Synodality has been seen on the local level in the United States—in San Diego in 2016, for example—and in June the Archdiocese of St. Paul-Minneapolis began a two-year synodal process leading toward a final celebration on Pentecost weekend in May 2021. But otherwise the U.S. church is far out of step with other churches in the west. Just the idea of a national synodal process, or even of a national plenary council, seems inimical to most U.S. Catholic leaders. And it’s not just a problem of politics. There seems to be a lack of familiarity with the theological concept of synodality itself. (Consider, for example, comments from Philadelphia Archbishop Charles Chaput in a recent interview: “I don’t think anybody has a clear idea because there’s no definition of [synodality]. There’s no Church documents in the West that explain it. It’s really an Eastern Church concept more than one that we’re familiar with…”) But it’s not as if American theologians are experts either. Search online for books or monographs on synodality in English, and only a handful of articles in specialized academic journals turn up. This is one of the prices to pay when a generation of Catholic lay professional theologians turns away from the study of ecclesiastical institutions in favor of anthropological, sociological, and cultural studies.

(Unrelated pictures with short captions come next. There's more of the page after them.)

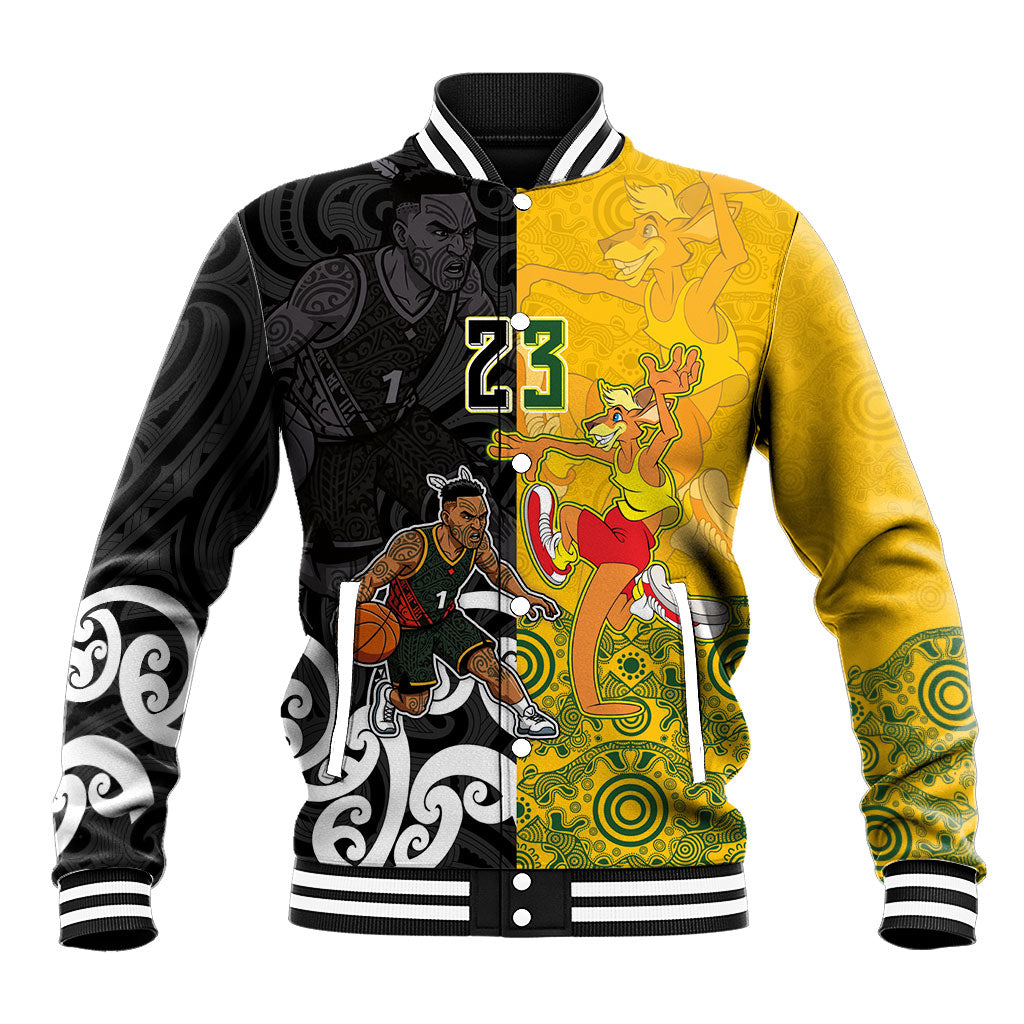 Aotearoa New Zealand And Australia Basketball Custom Baseball Jacket Maori Tribal Tattoo And Aboriginal Dot Art Heritage LT03 Unisex Multicolor - Polynesian Pride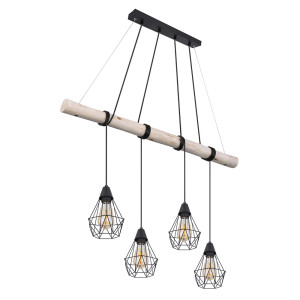 Hängeleuchte, schwarz, Holz-Design, Kabel, H 150 cm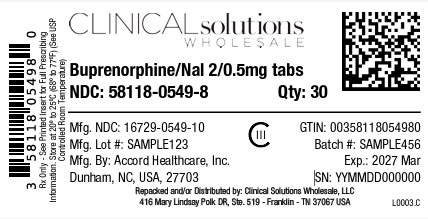 Buprenorphine/Naloxone 2/0.5mg SL Tablet 30ct blister card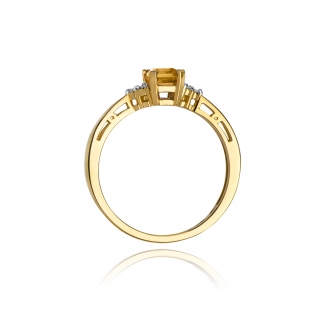 Złoty pierścionek z cytrynem i brylantami BD2C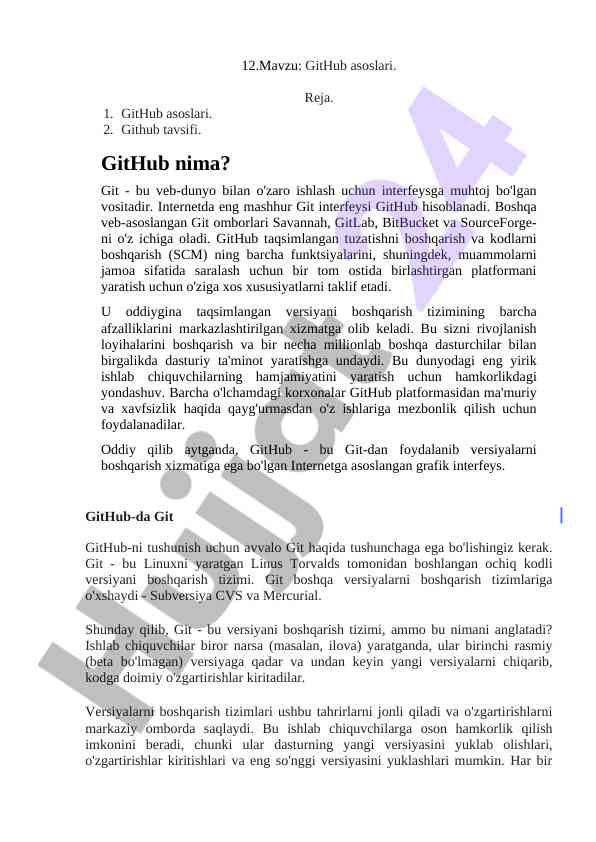 Github asoslari va foydalanish imkoniyatlari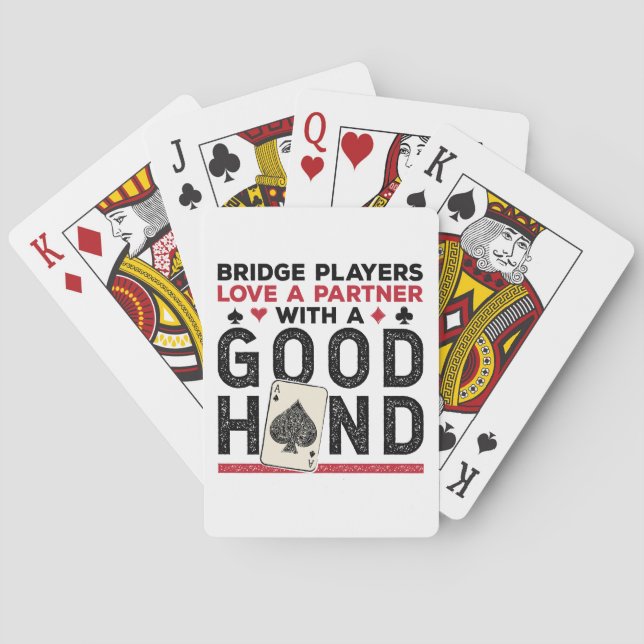 Baraja De Cartas Buena mano de Funny Bridge Player Partner (Reverso)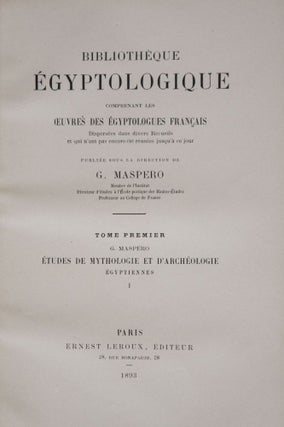 Etudes de mythologie et archéologie égyptienne. Tome I à VIII (complete set)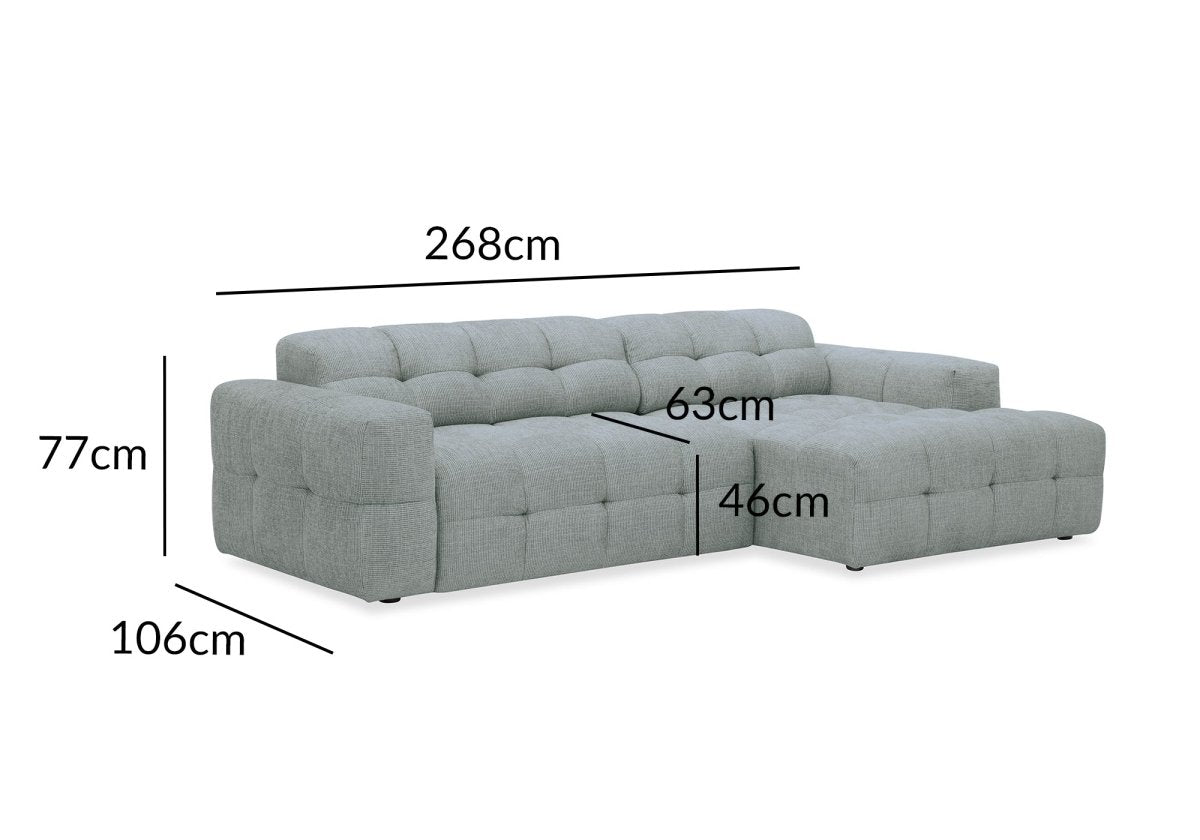 Canapé d'angle relax en velours texturé gris FEDORA - Angle droit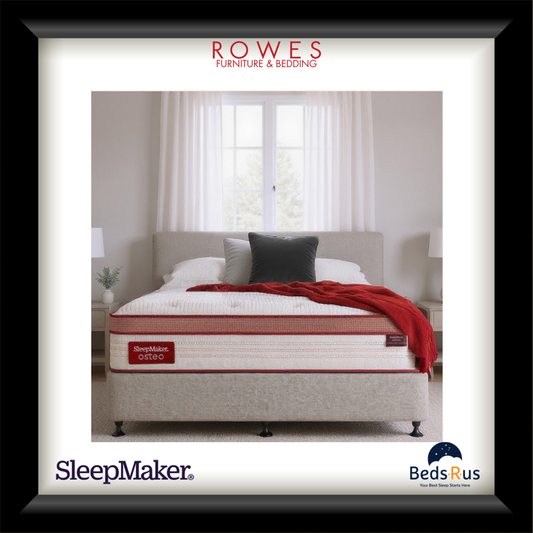 Mattress and bed with a red throw and Rowes Beds R Us branding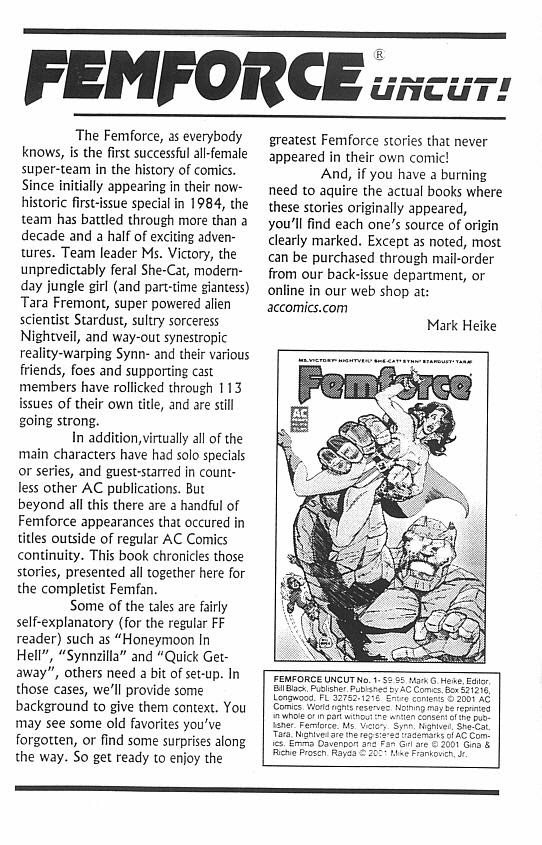 Read online Femforce Uncut comic -  Issue # Full - 2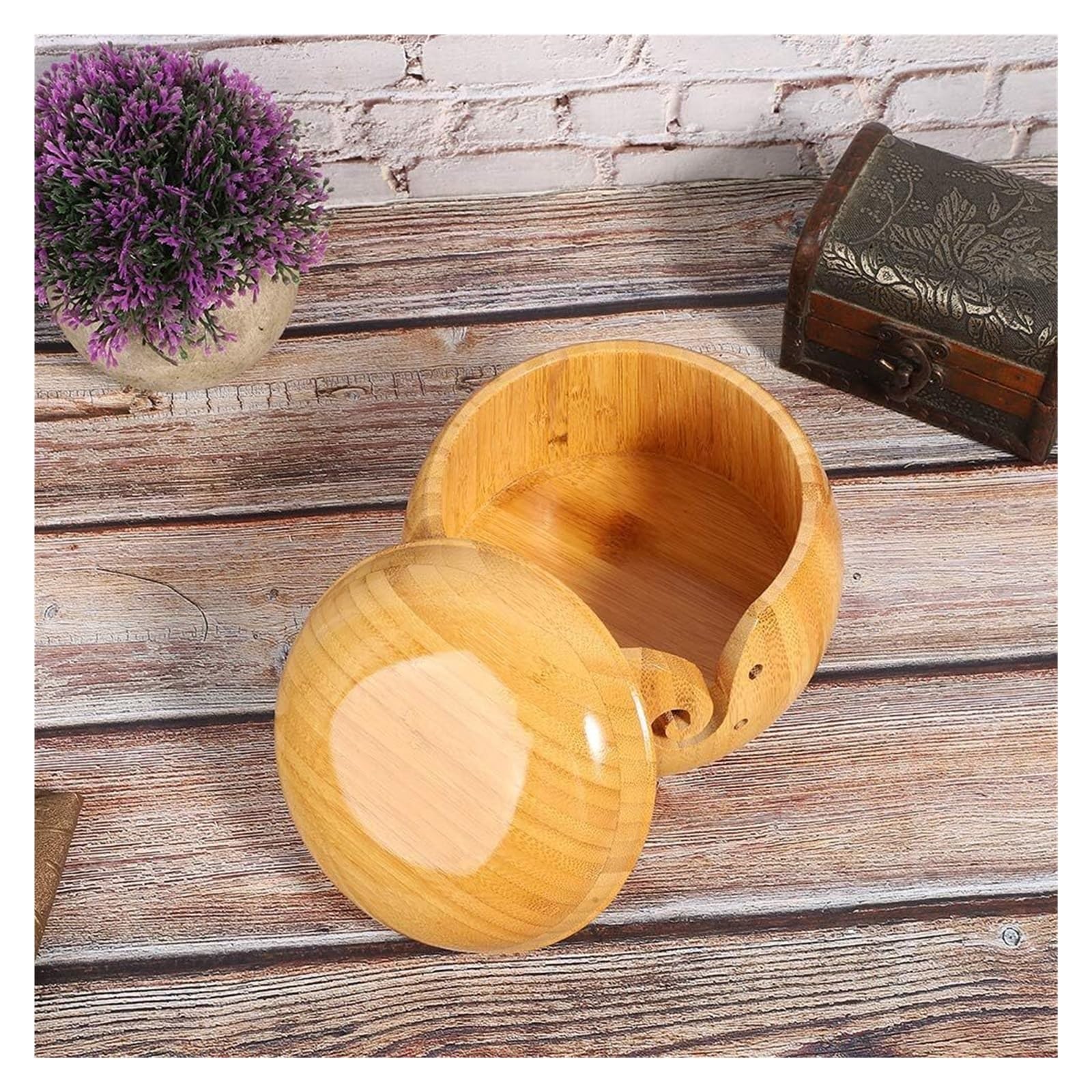 SEIWEI 2 Stuks Houten Garen Opbergkom met Afneembare Deksel, Handgemaakte Organizer voor Breien & Haken SEIWEI 2 Stuks Houten Garen Opbergkom met Afneembare Deksel, Handgemaakte Organizer voor Breien & Haken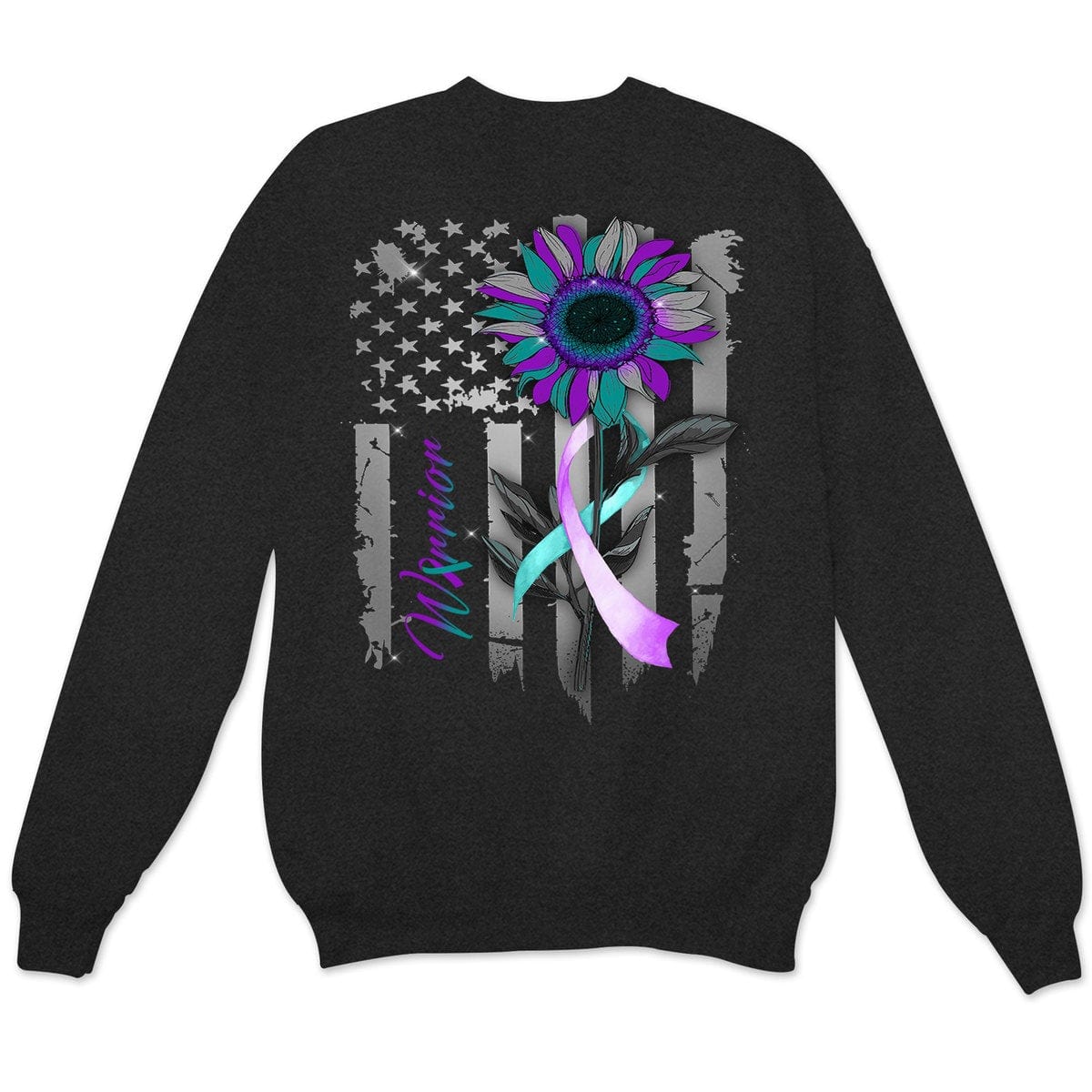 Sudadera con capucha y estampado de girasol con la bandera estadounidense para prevenir el suicidio
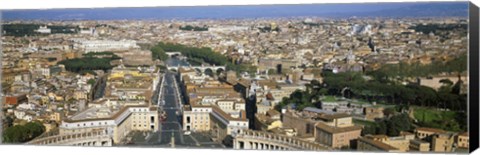 Framed Overview of the historic centre of Rome from the dome of St. Peter&#39;s Basilica, Vatican City, Rome, Lazio, Italy Print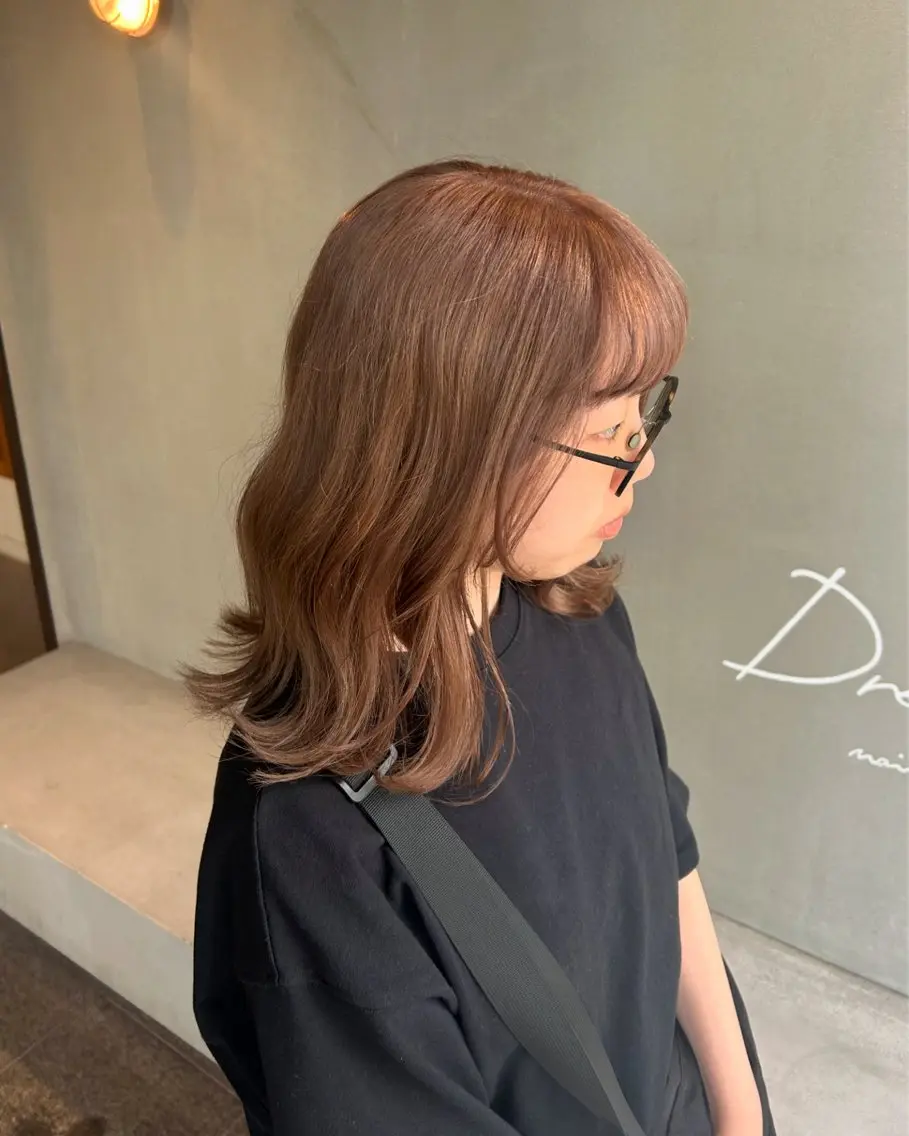 ミディアム カラー ベージュカラー ブリーチ ケアブリーチ ダブルカラー ヘアカラー 野田阪神/暖色カラー Kairi🐬のヘアスタイル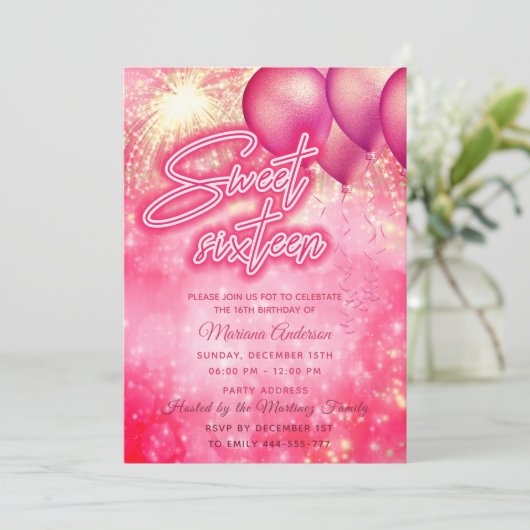 Heet roze ballon vuurwerk gouden schittering kaart (Staand voorkant)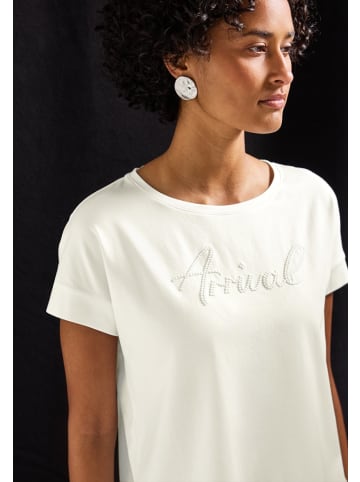 Street One Shirt mit Wording-Stickerei in Weiß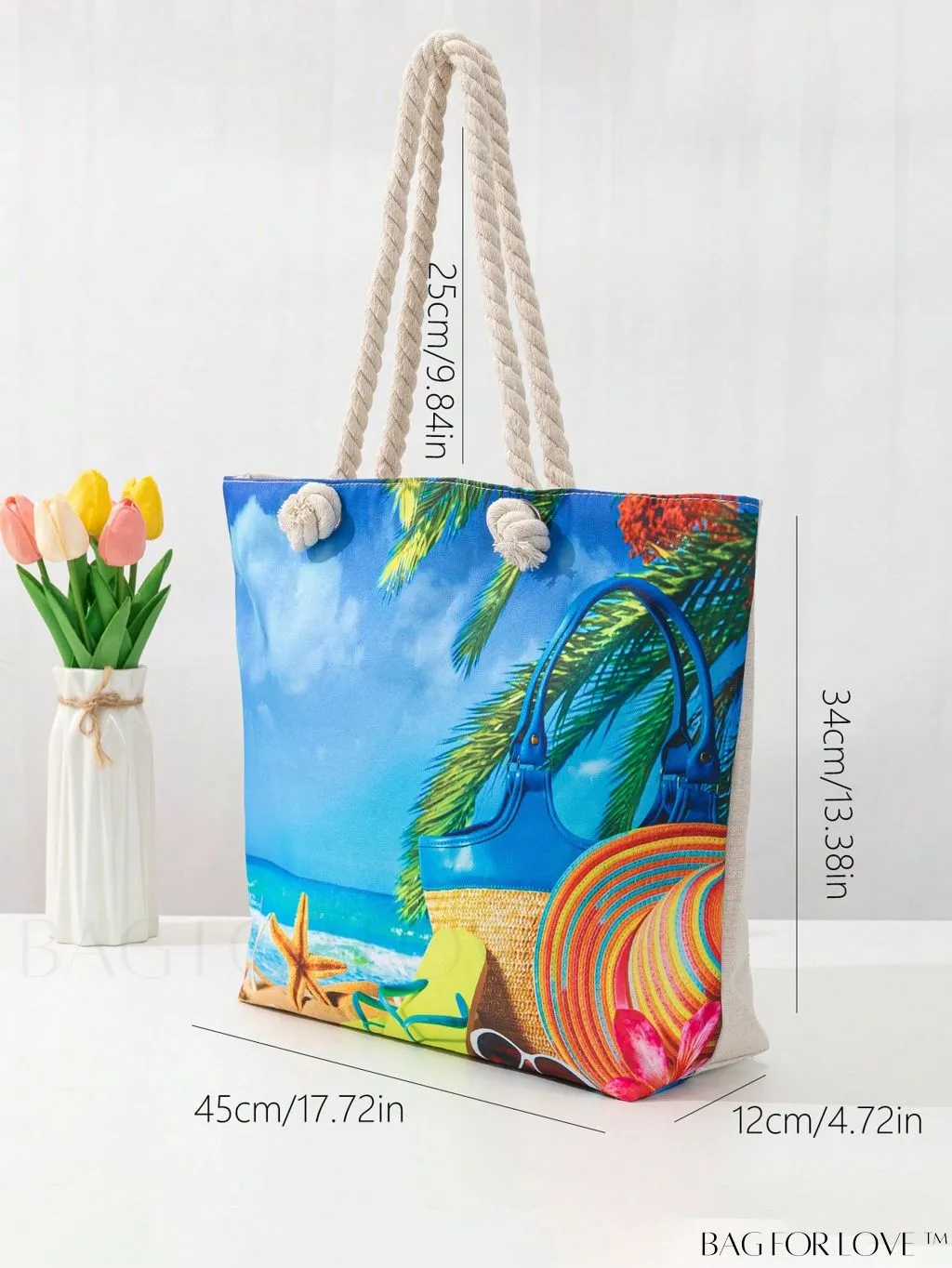 BagForLove - Vacation Beach Bag - Oversized Shopper with Stylish Graphic Pattern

It was also instructive to view the Baltimore gathering in light of the Synod for the Amazon held in Rome just a few weeks before. Under Francis’s leadership, the Amazon Synod became the place for ecclesial and theological tensions to meet head-on and be brought into synthesis, through a celebration of synodality and the Eucharist, in a spiritual setting. There was no live-stream of the proceedings, and only limited press access. By contrast, the Baltimore meeting perfectly embodied the poisonous, deeply damaged ecosystem of online American Catholicism: live-streamed, unfolding “transparently” according to a carefully conceived communications strategy meant to generate commentary and reward the “loudest” Catholic voices online. The church is no longer torn between the old monarchical model and the modern democratic model; now, it’s split over living synodally in real places with real people, and adherence to a media and communications model meant to help preserve the status quo. Remember Plato’s warning to Athenians who’d become consumed by the culture of theater about the incompatibility of orthotes (uprightness) with doxa (superficial opinion). When all an ecclesial assembly is is theater, it makes little sense to watch.

The dominant impression left by the Baltimore meeting? That in spite of occasionally sincere, sometimes ritualistic, expressions of communion with Rome, the effort to neuter Pope Francis’s message in the United States continues. The American church is not only adrift, but also increasingly alone in the world.

Massimo Faggioli is professor of theology and religious studies at Villanova University. His most recent book is Catholicism and Citizenship: Political Cultures of the Church in the Twenty-First Century (Liturgical Press, 2017). He is a contributing writer for Commonweal. Follow him on Twitter @MassimoFaggioli.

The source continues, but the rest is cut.